Abschließend wird die Frage diskutiert, ob die Piraten-Parteien mit ihren „visionären Zielen“ in zehn Jahren noch gebraucht werden, oder ob selbst Parteien wie die CDU in Deutschland das „liquid feedback“ zur Normalität in ihrer Parteistruktur machen. Liquid Democracy wird als Methode beschrieben, die Parteien eigentlich überflüssig macht, weil sie überall ausgeübt werden kann, auch in Aktionärsversammlungen, auch in Parlamenten. Als Beispiel wird beschrieben, dass Mensche ihre Stimmen im Bundestag „zu Wirtschaftsfragen der CDU, zur Arbeitspolitik der SPD, zur Verkehrspolitik der FDP, zur Umweltpolitik den Grünen, zur Sozialpolitik der Linken, zur IT-Politik den Piraten übertragen“ könnten. Das ergebe ein System von ständig wechselnden Mehrheiten, wo Parteien keine Koalitionspartner mehr brauchen, um sich in einem Gebiet durch zu setzen.

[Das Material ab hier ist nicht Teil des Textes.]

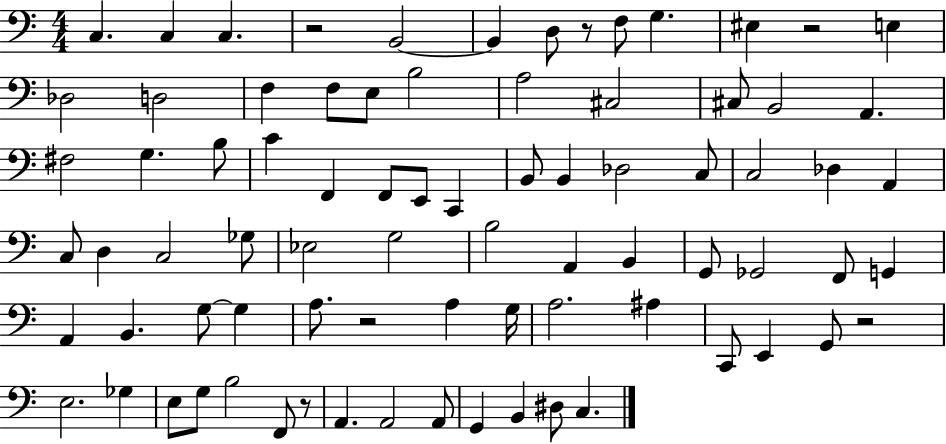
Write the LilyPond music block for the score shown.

{
  \clef bass
  \numericTimeSignature
  \time 4/4
  \key c \major
  c4. c4 c4. | r2 b,2~~ | b,4 d8 r8 f8 g4. | eis4 r2 e4 | \break des2 d2 | f4 f8 e8 b2 | a2 cis2 | cis8 b,2 a,4. | \break fis2 g4. b8 | c'4 f,4 f,8 e,8 c,4 | b,8 b,4 des2 c8 | c2 des4 a,4 | \break c8 d4 c2 ges8 | ees2 g2 | b2 a,4 b,4 | g,8 ges,2 f,8 g,4 | \break a,4 b,4. g8~~ g4 | a8. r2 a4 g16 | a2. ais4 | c,8 e,4 g,8 r2 | \break e2. ges4 | e8 g8 b2 f,8 r8 | a,4. a,2 a,8 | g,4 b,4 dis8 c4. | \break \bar "|."
}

Hat irgendwer diese Idee zu Ende gedacht? Die Piraten? Der Autor? Die Praxis parlamentarischer Arbeit kann jedenfalls nicht Mutter dieser Gedanken sein. Nützlich sind die Piraten-Parteien dennoch, Bücher über sie auch.
"Die Piratenpartei – Der Beginn einer neuen politischen Ära" ist bereits via Schwarzkopf & Schwarzkopf erschienen.
Juliane Alton war Obfrau der IG Kultur Österreich und ist seit Jänner 2011 Mitglied des Landesvorstands der Grünen Vorarlberg.